(What the task asks): The records appear below. Set down exactly each line from the one that contains "Property at Alexandra Court, Kenilworth" through the last, both included.

(Entries provided):
_____

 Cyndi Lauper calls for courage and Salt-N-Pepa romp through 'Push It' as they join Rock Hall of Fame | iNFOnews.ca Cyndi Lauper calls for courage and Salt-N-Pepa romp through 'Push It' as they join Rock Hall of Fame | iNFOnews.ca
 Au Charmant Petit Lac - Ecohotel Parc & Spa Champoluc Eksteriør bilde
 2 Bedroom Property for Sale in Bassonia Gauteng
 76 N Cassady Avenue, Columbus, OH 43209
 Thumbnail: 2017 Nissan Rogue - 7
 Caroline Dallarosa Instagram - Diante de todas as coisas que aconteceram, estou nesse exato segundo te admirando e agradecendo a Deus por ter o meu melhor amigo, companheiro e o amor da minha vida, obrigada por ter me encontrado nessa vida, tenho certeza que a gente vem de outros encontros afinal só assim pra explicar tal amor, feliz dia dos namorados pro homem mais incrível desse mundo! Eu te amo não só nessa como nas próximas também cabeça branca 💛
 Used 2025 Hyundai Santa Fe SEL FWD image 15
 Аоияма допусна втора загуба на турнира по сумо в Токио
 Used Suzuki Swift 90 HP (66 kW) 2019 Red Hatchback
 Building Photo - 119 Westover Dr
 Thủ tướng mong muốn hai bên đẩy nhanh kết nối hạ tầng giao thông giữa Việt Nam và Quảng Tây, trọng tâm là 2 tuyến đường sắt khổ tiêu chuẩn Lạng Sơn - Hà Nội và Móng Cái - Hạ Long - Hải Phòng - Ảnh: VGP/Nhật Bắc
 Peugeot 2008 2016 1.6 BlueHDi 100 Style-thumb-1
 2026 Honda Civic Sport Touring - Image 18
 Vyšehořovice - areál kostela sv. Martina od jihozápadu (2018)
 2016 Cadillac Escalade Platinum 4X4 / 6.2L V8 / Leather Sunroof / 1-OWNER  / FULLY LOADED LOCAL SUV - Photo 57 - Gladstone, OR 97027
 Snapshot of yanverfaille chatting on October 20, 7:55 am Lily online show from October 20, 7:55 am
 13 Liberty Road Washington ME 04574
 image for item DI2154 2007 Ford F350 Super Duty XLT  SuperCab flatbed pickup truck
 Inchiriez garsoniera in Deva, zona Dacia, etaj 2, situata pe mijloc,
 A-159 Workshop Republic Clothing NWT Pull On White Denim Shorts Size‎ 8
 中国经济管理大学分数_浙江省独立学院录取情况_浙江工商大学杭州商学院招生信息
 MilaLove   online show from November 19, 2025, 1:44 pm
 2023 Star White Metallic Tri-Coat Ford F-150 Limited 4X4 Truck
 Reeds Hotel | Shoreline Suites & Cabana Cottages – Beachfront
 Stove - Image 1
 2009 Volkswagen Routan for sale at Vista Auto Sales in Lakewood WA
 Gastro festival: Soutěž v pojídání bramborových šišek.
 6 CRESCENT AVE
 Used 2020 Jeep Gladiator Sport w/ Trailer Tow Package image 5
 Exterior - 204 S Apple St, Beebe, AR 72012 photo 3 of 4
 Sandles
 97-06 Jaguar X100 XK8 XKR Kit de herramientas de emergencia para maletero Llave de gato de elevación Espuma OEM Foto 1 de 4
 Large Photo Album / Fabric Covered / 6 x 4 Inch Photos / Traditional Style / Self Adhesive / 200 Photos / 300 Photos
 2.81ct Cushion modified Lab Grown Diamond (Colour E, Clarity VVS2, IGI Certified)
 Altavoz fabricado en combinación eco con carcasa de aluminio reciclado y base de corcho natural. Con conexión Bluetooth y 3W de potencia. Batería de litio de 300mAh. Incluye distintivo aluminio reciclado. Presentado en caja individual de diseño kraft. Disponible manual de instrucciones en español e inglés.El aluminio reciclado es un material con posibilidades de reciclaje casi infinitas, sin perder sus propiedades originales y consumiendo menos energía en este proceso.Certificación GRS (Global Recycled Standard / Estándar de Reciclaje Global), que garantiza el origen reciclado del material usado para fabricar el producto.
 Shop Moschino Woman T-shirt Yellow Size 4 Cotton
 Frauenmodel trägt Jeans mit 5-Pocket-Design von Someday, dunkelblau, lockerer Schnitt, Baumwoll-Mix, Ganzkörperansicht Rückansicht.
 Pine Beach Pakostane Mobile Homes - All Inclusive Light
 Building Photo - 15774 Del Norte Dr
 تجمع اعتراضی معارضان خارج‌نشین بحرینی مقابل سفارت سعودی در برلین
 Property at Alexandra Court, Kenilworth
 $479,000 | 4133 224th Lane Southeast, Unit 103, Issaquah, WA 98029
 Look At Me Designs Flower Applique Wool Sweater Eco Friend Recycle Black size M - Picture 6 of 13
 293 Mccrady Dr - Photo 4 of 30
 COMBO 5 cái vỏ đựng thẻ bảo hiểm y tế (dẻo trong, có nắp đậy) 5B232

_____

(Answer section):
 Property at Alexandra Court, Kenilworth
 $479,000 | 4133 224th Lane Southeast, Unit 103, Issaquah, WA 98029
 Look At Me Designs Flower Applique Wool Sweater Eco Friend Recycle Black size M - Picture 6 of 13
 293 Mccrady Dr - Photo 4 of 30
 COMBO 5 cái vỏ đựng thẻ bảo hiểm y tế (dẻo trong, có nắp đậy) 5B232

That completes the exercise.